There are some good ways around this problem. First, use Windows accounts instead of SQL accounts. Windows accounts don’t pass passwords between boxes; they only pass their token, so there’s nothing to steal. My devs get tired of me turning down their requests for SQL accounts. I hand out SQL accts when there’s no other option, and I severely limit the access.
Also, don’t create generic SQL accounts. Should you have a password that gets stolen in the manner I’m going to show you, you have someone to go to.
You can interrogate this person and try to ascertain their activities at the time of the activity. If you’re able to clear the end-user, it’s easier to determine whether you’ve been compromised. But if you have a generic account, it’s much harder to diagnose the situation as a security compromise. You’re far less likely to come to the right conclusion -- at least for a very long time.
You can use this to get SQL passwords that have been lost and can’t be retrieved or changed any other way. I currently have such a situation. I inherited a SQL account that’s used all over the LAN and by so many processes there’s just no way I could change it without breaking hundreds of settings.
If you have a situation like this, you’re screwed if someone comes in and changes the password in the DB by mistake.
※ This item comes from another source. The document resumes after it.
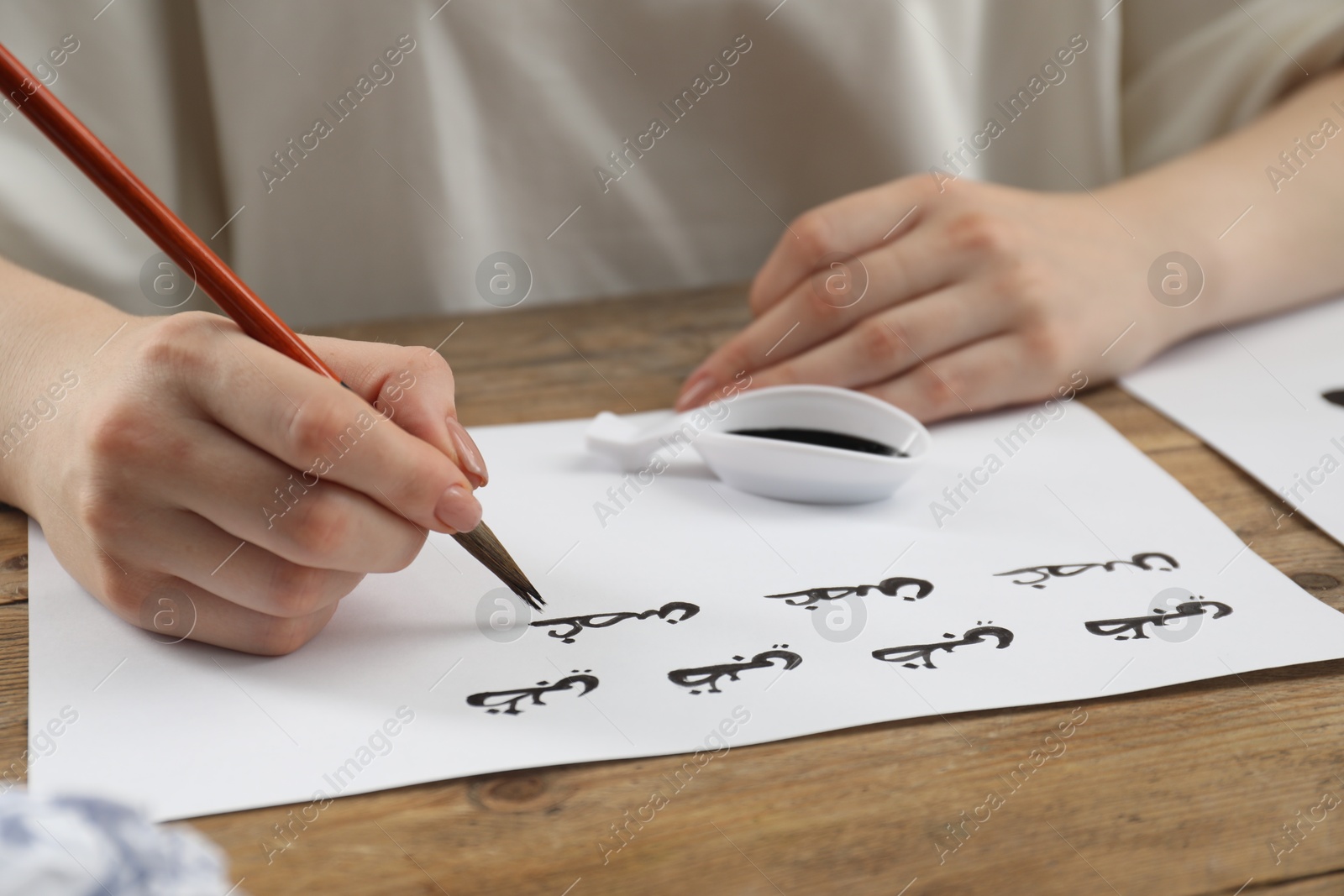 Photo of Calligraphy. Woman with brush writing words Antilope and Branch in Arabian language on paper at wooden table, closeup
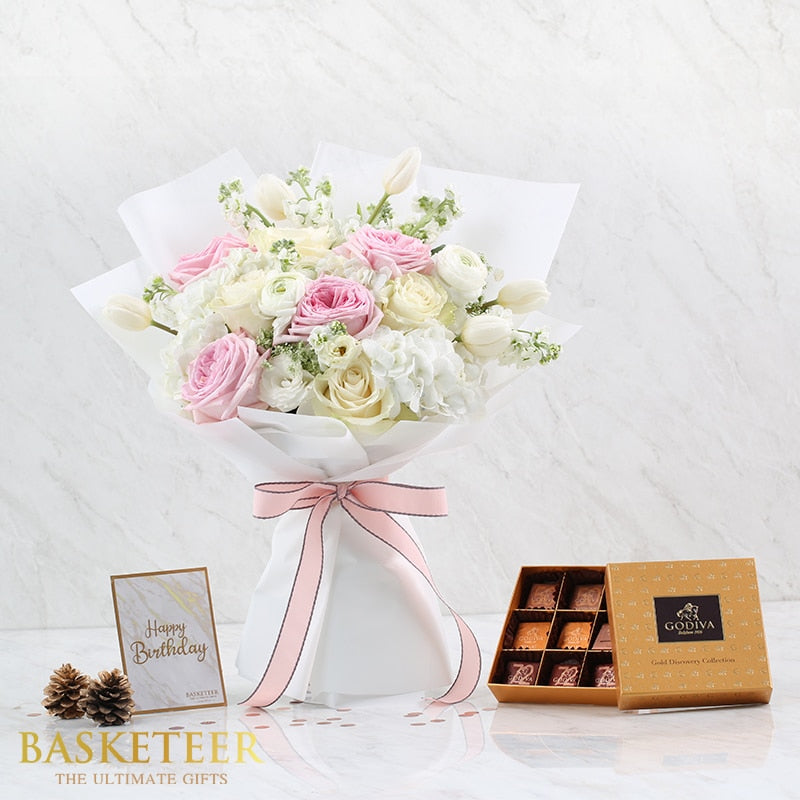 Luxury pink and white rose bouquet with assorted chocolates, birthday gift combo on marble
Another good example of this is with linked servers. You can’t get linked server passwords back out once you create the linked server, so if you lose the password you’re screwed. Again, I'm in this exact situation myself. I have several linked servers that hit boxes in other groups or divisions and nobody on the other side knows the password. We can’t change it because they have no idea how many groups are using it.
Whatever your reason, you need to get a password out of SQL Server’s memory. Go to my video on MidnightDBA.com to see me walk you through the process painlessly. In fact, it’s so easy it’s actually scary.
I hope a lot of you found this useful and I hope it finally puts to rest whether this is something Microsoft should change -- because they should.